### TASK OBJECTIVE
From the line containing "Dental - resorbable" down to the line containing "علاج حب الشباب" in the records below, reproduce every line exactly, ends included, and omit all others.

### SOURCE INFORMATION

------------------------------------------------

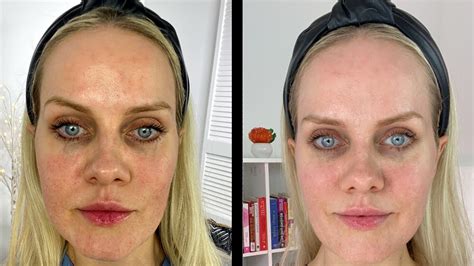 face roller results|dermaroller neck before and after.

------------------------------------------------

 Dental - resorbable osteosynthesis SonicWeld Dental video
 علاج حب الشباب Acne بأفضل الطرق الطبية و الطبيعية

------------------------------------------------

### EXERCISE ANSWER
 Dental - resorbable osteosynthesis SonicWeld Dental video
 علاج حب الشباب Acne بأفضل الطرق الطبية و الطبيعية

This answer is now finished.